_EXERCISE OBJECTIVE_. Locate the line containing "Naklejki Hipster poster", then please write out that line and all the lines below it in the entries exactly.

########################################

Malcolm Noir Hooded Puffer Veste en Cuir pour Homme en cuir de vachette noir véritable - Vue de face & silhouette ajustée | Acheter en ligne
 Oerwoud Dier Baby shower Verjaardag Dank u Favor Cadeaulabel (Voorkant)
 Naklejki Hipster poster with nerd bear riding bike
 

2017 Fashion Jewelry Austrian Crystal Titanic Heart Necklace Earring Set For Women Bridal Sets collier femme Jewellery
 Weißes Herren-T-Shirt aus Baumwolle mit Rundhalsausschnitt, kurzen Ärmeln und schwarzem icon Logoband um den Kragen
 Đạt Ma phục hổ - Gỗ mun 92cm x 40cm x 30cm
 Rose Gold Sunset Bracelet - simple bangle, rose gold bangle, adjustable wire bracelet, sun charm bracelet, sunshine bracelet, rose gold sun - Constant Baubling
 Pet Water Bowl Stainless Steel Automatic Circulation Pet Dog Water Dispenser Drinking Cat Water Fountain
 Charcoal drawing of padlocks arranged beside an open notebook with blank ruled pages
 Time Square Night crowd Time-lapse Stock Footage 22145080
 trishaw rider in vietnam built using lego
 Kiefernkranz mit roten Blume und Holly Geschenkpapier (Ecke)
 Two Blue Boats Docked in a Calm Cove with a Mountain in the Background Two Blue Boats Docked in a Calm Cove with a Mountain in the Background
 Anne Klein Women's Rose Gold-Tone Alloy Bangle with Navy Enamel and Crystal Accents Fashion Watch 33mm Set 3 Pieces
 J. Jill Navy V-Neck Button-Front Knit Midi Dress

########################################

_ANSWER SPACE_.
 Naklejki Hipster poster with nerd bear riding bike
 

2017 Fashion Jewelry Austrian Crystal Titanic Heart Necklace Earring Set For Women Bridal Sets collier femme Jewellery
 Weißes Herren-T-Shirt aus Baumwolle mit Rundhalsausschnitt, kurzen Ärmeln und schwarzem icon Logoband um den Kragen
 Đạt Ma phục hổ - Gỗ mun 92cm x 40cm x 30cm
 Rose Gold Sunset Bracelet - simple bangle, rose gold bangle, adjustable wire bracelet, sun charm bracelet, sunshine bracelet, rose gold sun - Constant Baubling
 Pet Water Bowl Stainless Steel Automatic Circulation Pet Dog Water Dispenser Drinking Cat Water Fountain
 Charcoal drawing of padlocks arranged beside an open notebook with blank ruled pages
 Time Square Night crowd Time-lapse Stock Footage 22145080
 trishaw rider in vietnam built using lego
 Kiefernkranz mit roten Blume und Holly Geschenkpapier (Ecke)
 Two Blue Boats Docked in a Calm Cove with a Mountain in the Background Two Blue Boats Docked in a Calm Cove with a Mountain in the Background
 Anne Klein Women's Rose Gold-Tone Alloy Bangle with Navy Enamel and Crystal Accents Fashion Watch 33mm Set 3 Pieces
 J. Jill Navy V-Neck Button-Front Knit Midi Dress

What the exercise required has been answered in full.